I think advocacy is a reasonable topic for the list.

> How can I convince our developers (who are currently using 
> SVN) to switch to CVS, which in my opinion seems to be more 
> stable and reliable.

CVSNT features are geared towards fulfilling the technical requirements
of commercial developers - merge tracking, failsafe audit, support for
reserver/unreserved etc are not so relavent for a handful of open source
programmers - but are very relavent for corporate governance.

However that said, it is configuration management (the processes) and
not tools that provide the greatest benefits and switching tools can
have a significant cost.

It is not unusual for people to not account for the cost of their
software systems and the impact on their business systems.  There was a
great article on the valuation of IT assets published in The Financial
Times UK Edition 36,501 on Monday October 1 2007, and I believe the
author will be releasing the complete whitepaper soon. Basically it
talks about the lack of business cases for the benefit of software and
also the business case for maintaining legacy assets.

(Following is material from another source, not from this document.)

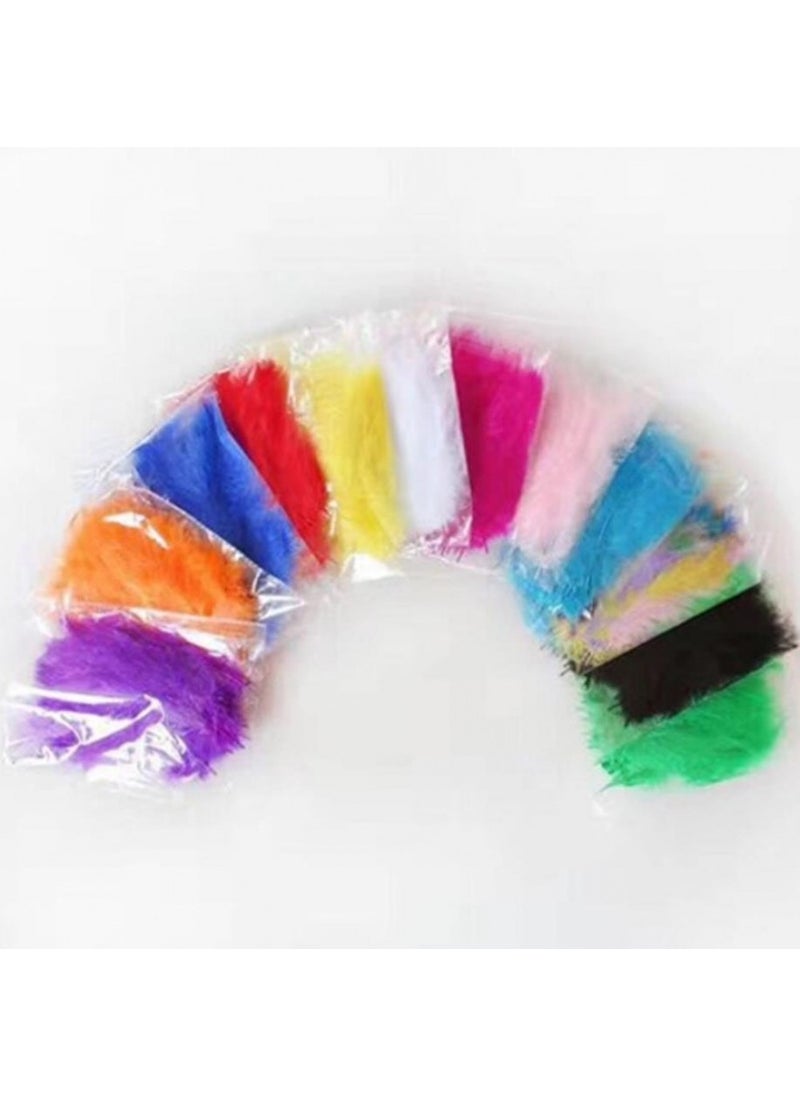 Colored Feather (10 Pieces) - pzsku/Z112A99371EFBCF9A0D4AZ/45/_/1725791255/8333c262-a2f7-4fc4-b4fc-3006db5caf8f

So if I was in your position I'd look for tangible business cases that
are poorly handled by your current SCM processes and draw up a list of
what the 'new' requirements are.  Don't start out trying to prove CVSNT
is the better tool - prove instead that your SCM system is not
supporting the business and leave it to us to be developing CVSNT in
directions that support the widest possible range of business processes.

Eg: Research by the Configuration Management Institute has found that
for CM to be effective it must make managing change easier and make the
interrelationships between changes clear.  Firstly you need to have
metrics that show whether your SCM system is 'effective' - does it
fulfill the management objectives - eg: a company approached as a while
ago wanting to change their SCM because their customers were defecting
to a competitor because the competitor could deliver patches to the
application for each separate bug, wheras the tools the company that
approached us were using did not allow them to 'manage change' (manage
change sets).  This may seem an odd thing for a company to begin losing
customers over - but the alternative is that customers get patches they
don't need in order to get the patches they do need, and every fix needs
testing/qualifying for each customer in each location - this added up to
a huge effort for their customers who felt they could get better (more
cost effective) service elsewhere.

So once you have a metric of how effective your SCM system is it may
point you towards some ways where it is not supporting your business.
You then draw up a list of tools that would support this new SCM process
(CVSNT has user defined change sets that can be merged as a 'set', as
does ClearCase, Dimensions, CM Synergy and others).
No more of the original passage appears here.